Having reviewed the motions, briefs, evidence, and relevant law, the Court concludes that Plaintiffs' motion and the Energen Defendants' cross-motion should be denied.

I. Facts and Assertions

While the SAC asserts Count Four against "Defendants," Plaintiffs' motion states that Count Four is brought against Maralex and Energen Resources Corporation ("ERC"). [Doc. 188, p. 1] While not disputing the allegation that Maralex brought a compulsory pooling proceeding in 1994, the Energen Defendants dispute Plaintiffs' assertion that Maralex was the "operator" within the definition of Section 70-2-18(B), contending that SG Interests was the designated operator pursuant to OCD Order No. 11054 and under the governing joint operating agreements ("JOAs"). SG Interests is not a party to this action.

Plaintiffs allege that only one JOA is applicable, that JOA shows that Maralex was the "operator," and that JOA provided a title examination was required. The Energen Defendants disagree, alleging that a number of JOAs are applicable; responding to a number of Plaintiffs' UMFs, the Energen Defendants assert that the JOAs are not material, dispute some of the requirements of the JOAs, and generally dispute Plaintiffs' reliance on JOAs to determine the issue of notice and whether there was a statutory violation.

The Court notes, without discussing all of them, that some of Plaintiffs' UMFs set forth conclusions of law. For instance, Plaintiffs' UMF #3 sets forth a conclusion of law about notice, and relies on a witness's deposition for support. The Court, not a witness, decides questions of law.

The Court concludes that the following are relevant undisputed facts. Maralex brought a compulsory pooling proceeding in 1994. Norman and Loretta Gilbreath were given notice of the 1994 pooling proceeding, but Plaintiffs were not. In 1994 Maralex obtained a compulsory pooling order which included the Subject Minerals. Energen became the successor operator of the Flora Vista #19-2 Well and the operator of the Flora Vista #19-3 Well in 2004.

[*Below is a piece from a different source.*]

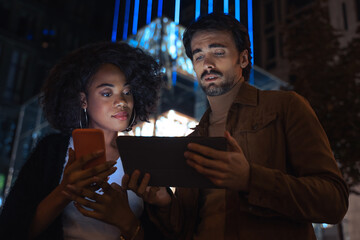 Man chatting about something with female colleague while standing at street with gadgets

Although the Energen Defendants dispute some aspect of Plaintiffs' UMF #4, they do not dispute the essential points stated in this sentence. [Doc. 231, p. 4]

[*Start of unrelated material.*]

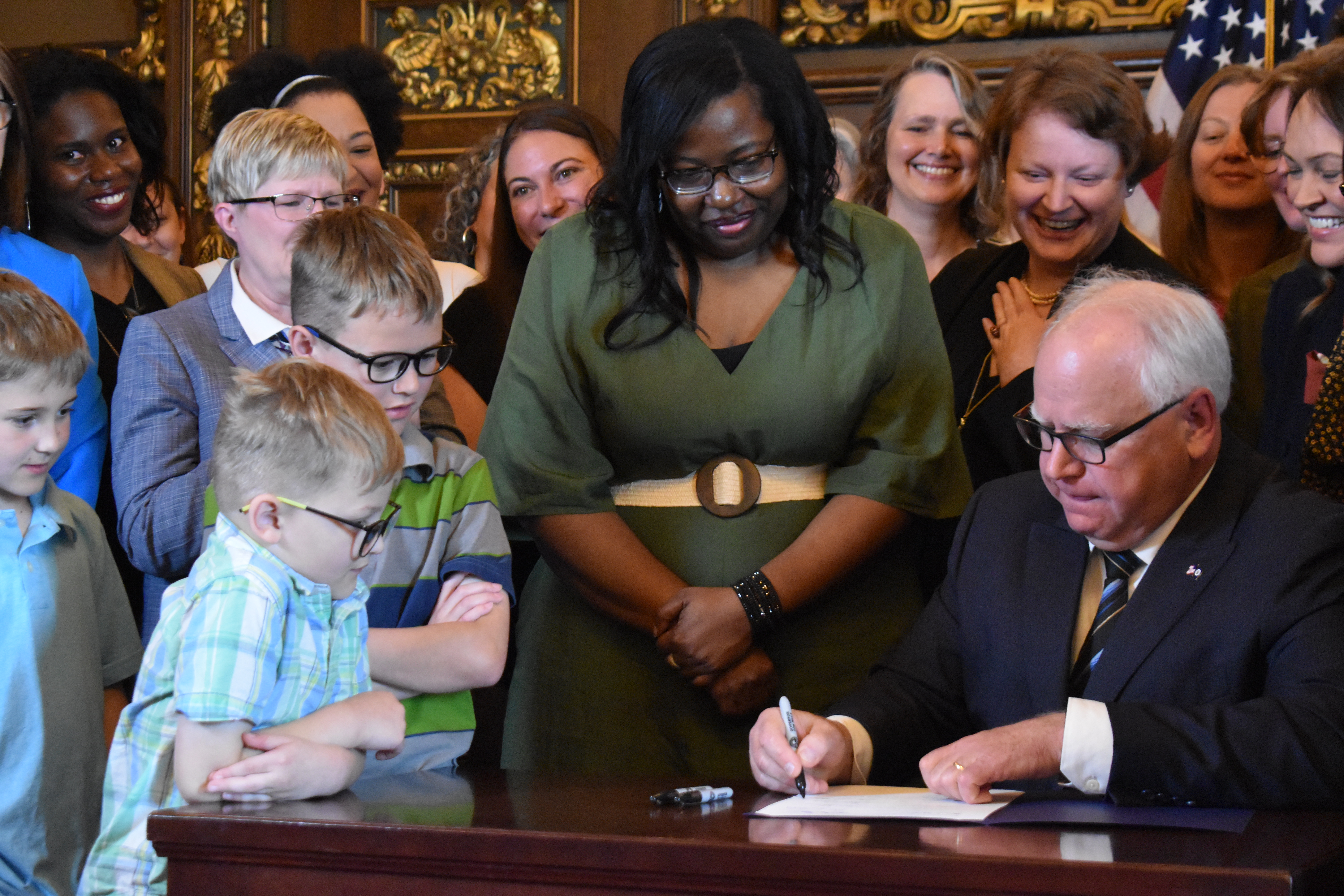 Walz enacts Minnesota paid family and medical leave plan - Vimarsana News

Plaintiffs' UMF #12 is not disputed in the Energen Defendants' response.

II. Private Cause of Action

Plaintiffs assert that they bring this claim for violation of Section 70-2-18 under the authority of Section 70-2-29 of the New Mexico Oil and Gas Act. The Energen Defendants respond that Plaintiffs do not have a private cause of action for damages under this statute; this argument is the basis for the Energen Defendants' cross-motion.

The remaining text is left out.